Skip to main content

Structured data insights

Structured insights extract data in a predefined JSON schema format, providing consistent, machine-readable results perfect for analytics, dashboards, and downstream processing.

When to use structured insights

Choose structured insights when you need:

  • Quantitative Metrics - Scores, ratings, counts, percentages.
  • Categorical Data - Status values, types, priorities, classifications.
  • Boolean Flags - Yes/no decisions, presence checks, compliance indicators.
  • Consistent Format - Data that feeds into databases, dashboards, or analytics systems.
  • Multiple Related Fields - Complex data with multiple attributes.
Use CaseUnstructuredStructured
Open-ended summaries
Sentiment scoring (1-5)
Issue categorization
Descriptive analysis
Compliance flags
Dashboard metrics

Creating a structured insight

Step 1: Start creating an insight

  1. Navigate to AI Insights in the Portal.
  2. Click Create Insight.
  3. Enter a name and basic instructions.

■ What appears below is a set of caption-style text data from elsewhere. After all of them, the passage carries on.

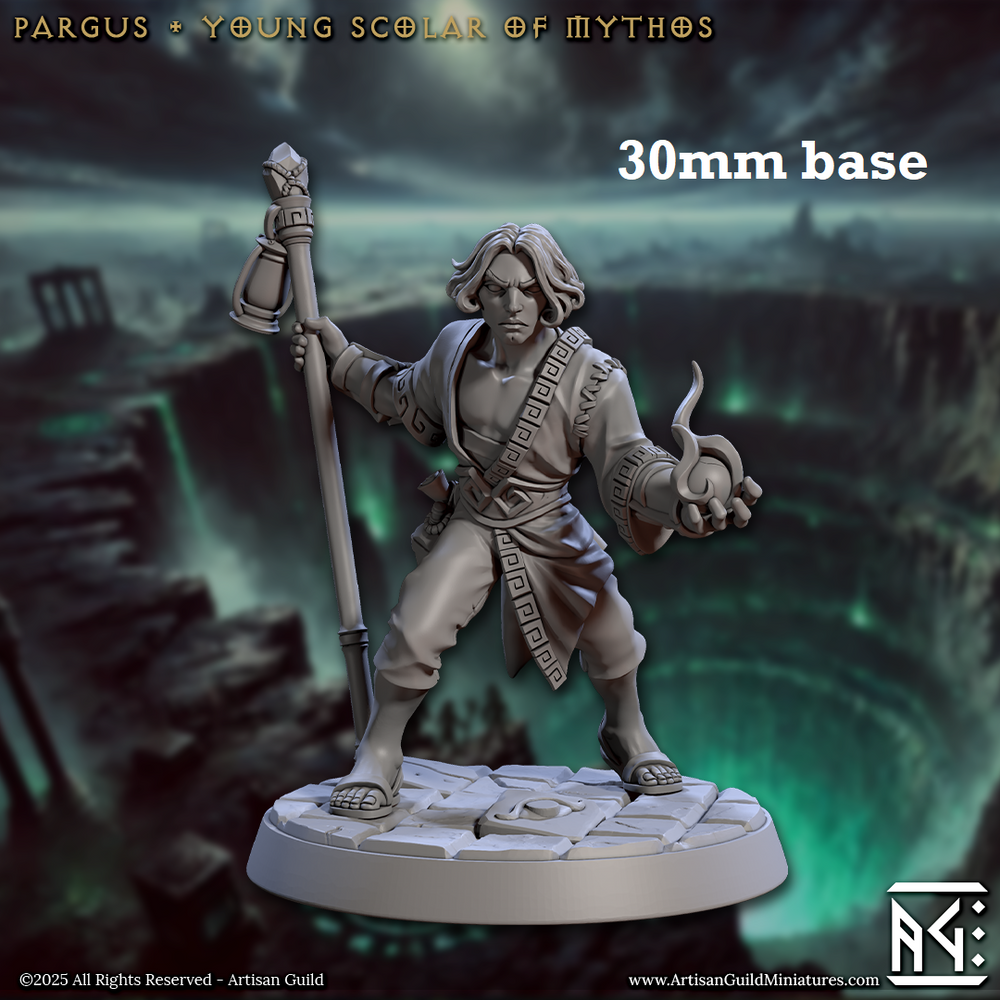 Pargus, Young Scholar of Mythos (Male Human Wizard) (Online Only)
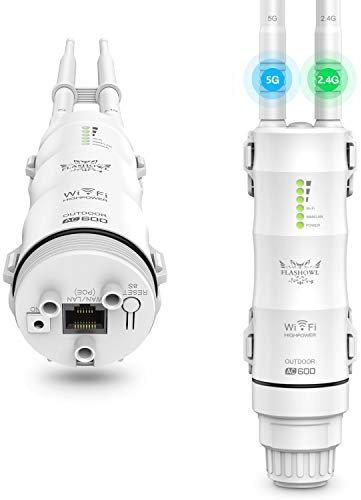 FLASHOWL Répéteur WiFi AC600 - Amplificateur de signal - Amplificateur de signal Wi-Fi - Résistant aux intempéries - 2,4 G - 5 GHz - Antennes à gain élevé 600 Mbps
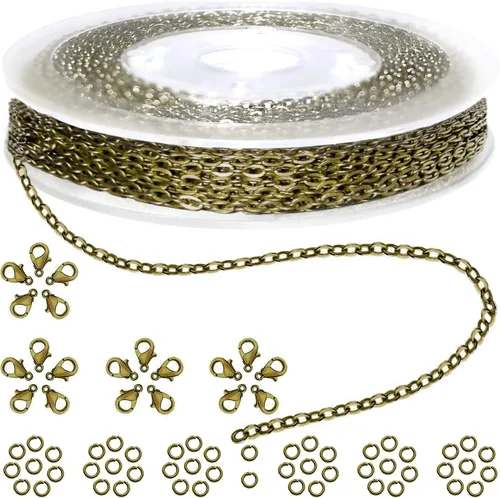 Vista 16 de Jishi Cadenas de suministros de fabricación de joyas, cadenas de eslabones de cable de 60 pies para hacer joyas, collares, aretes, pulseras 6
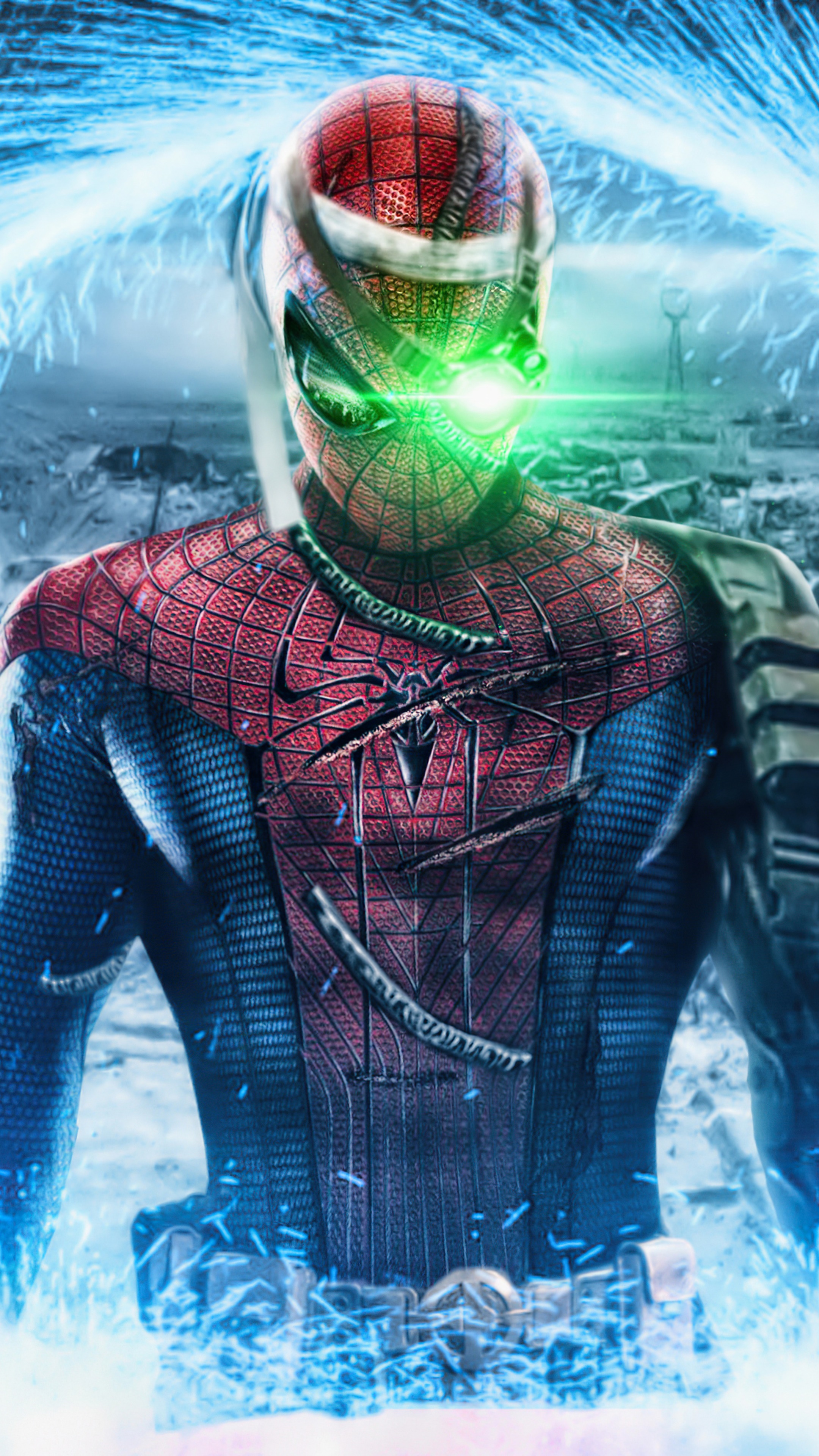 Spider-Man with glowing green eyes and blue energy HD Phone Wallpaper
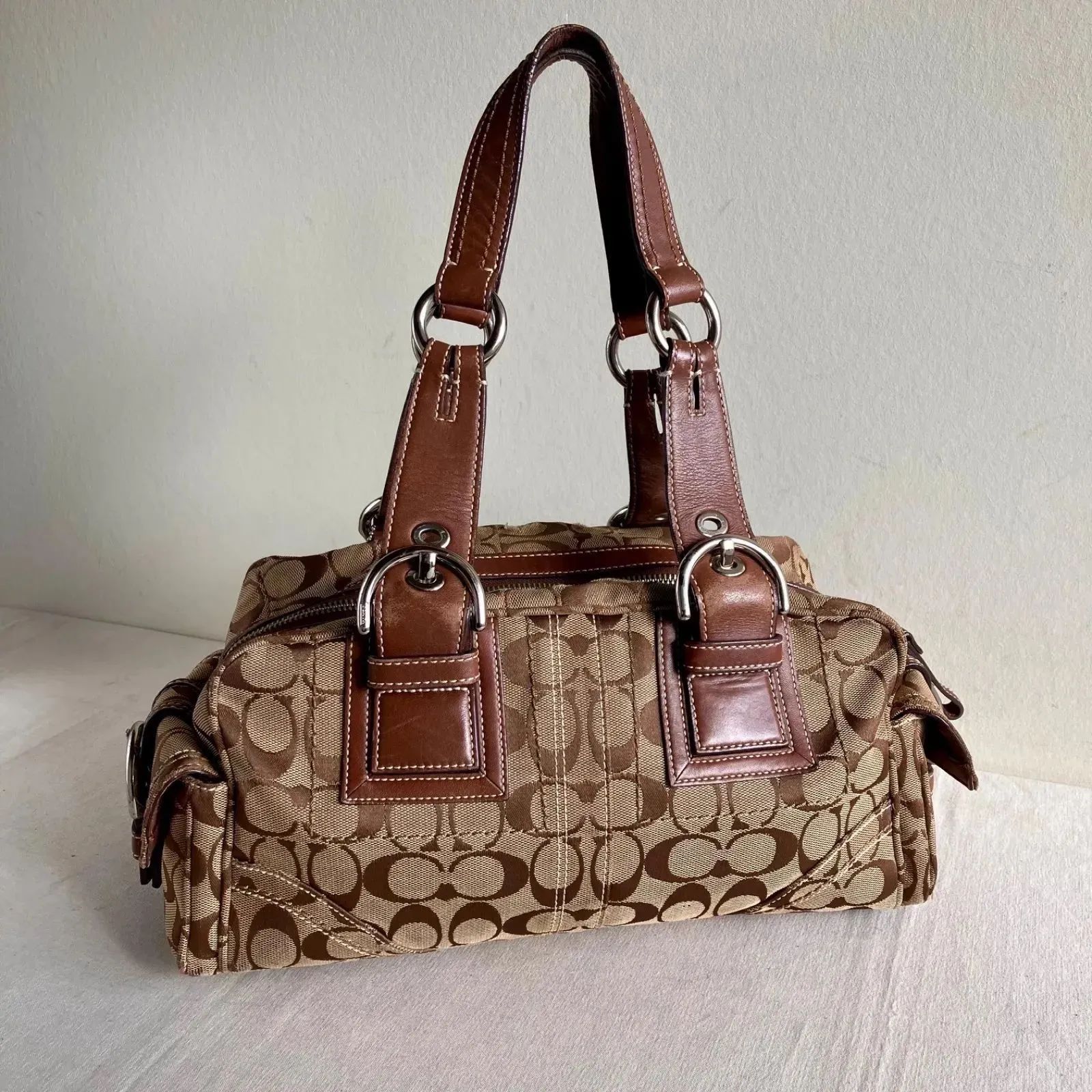 バッグ Coach Brown Suede Soho Hobo Handbag y2k 特別ファッション - Coach Brown Suede Soho Hobo Handbag y2k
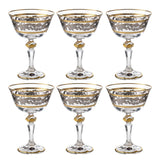 Bohemia Crystal Cocktail Set, 6 Pieces -Silver & Gold -180 ml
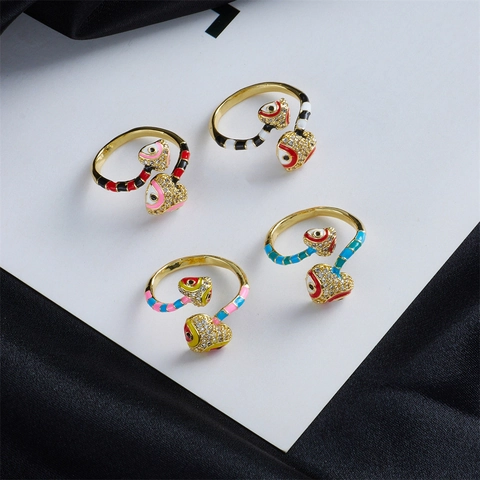 Hart Slang Boze Oog Open Ring Koper Verguld Kleurrijke Emaille Micro Pave Zirkonia Verstelbaar Mode Boho Voor Vrouwen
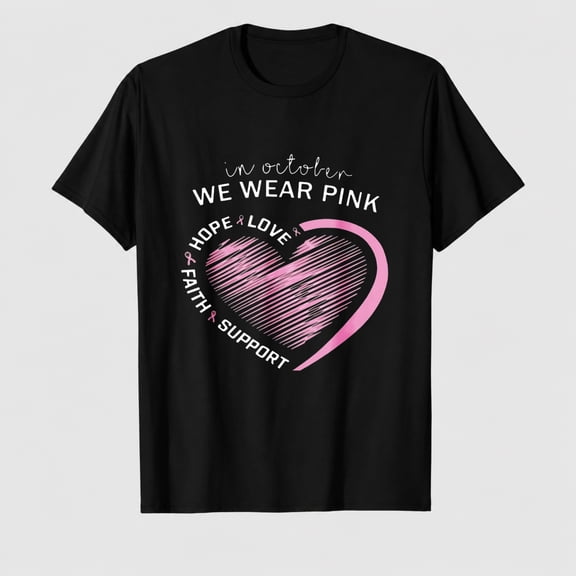 Women's Breast Cancer Awareness October Pink Heart Graphic T-Shirt, 100% Cotton Short Sleeve Shirt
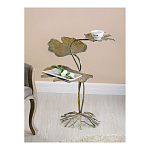 Столик приставной с тремя столешницами Тропические листья Tropical Forest gold варинант исполнения - 5 | Loft Concept в Краснодаре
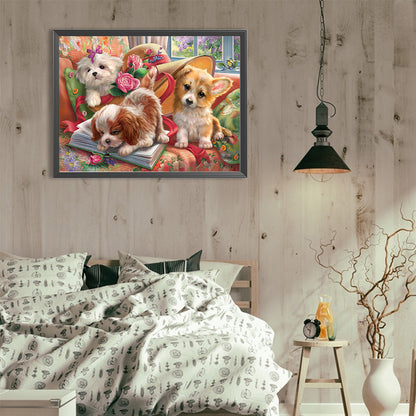 Three Dogs - Full Round Drill Diamond Painting 40*30CM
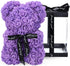 LINKLO Rose Bear Rose Teddy Bear -10 inch Artificial Rose Flower Bear, Gift for Wedding, Mothers Day and Anniversary, Including Transparent Gift B...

Step 2: Enable structured data mode

Click the Collect as structured data button to reveal the schema configuration interface.

Structured Data Mode

Step 3: Define parameters

For each piece of data you want to extract, add a parameter with:

  1. Name - The field name in the JSON output (e.g., sentiment_score, issue_type).
  2. Type - The data type (string, number, boolean, etc.).
  3. Required - Whether this field must always be present.
  4. Description - Instructions for extracting this specific field.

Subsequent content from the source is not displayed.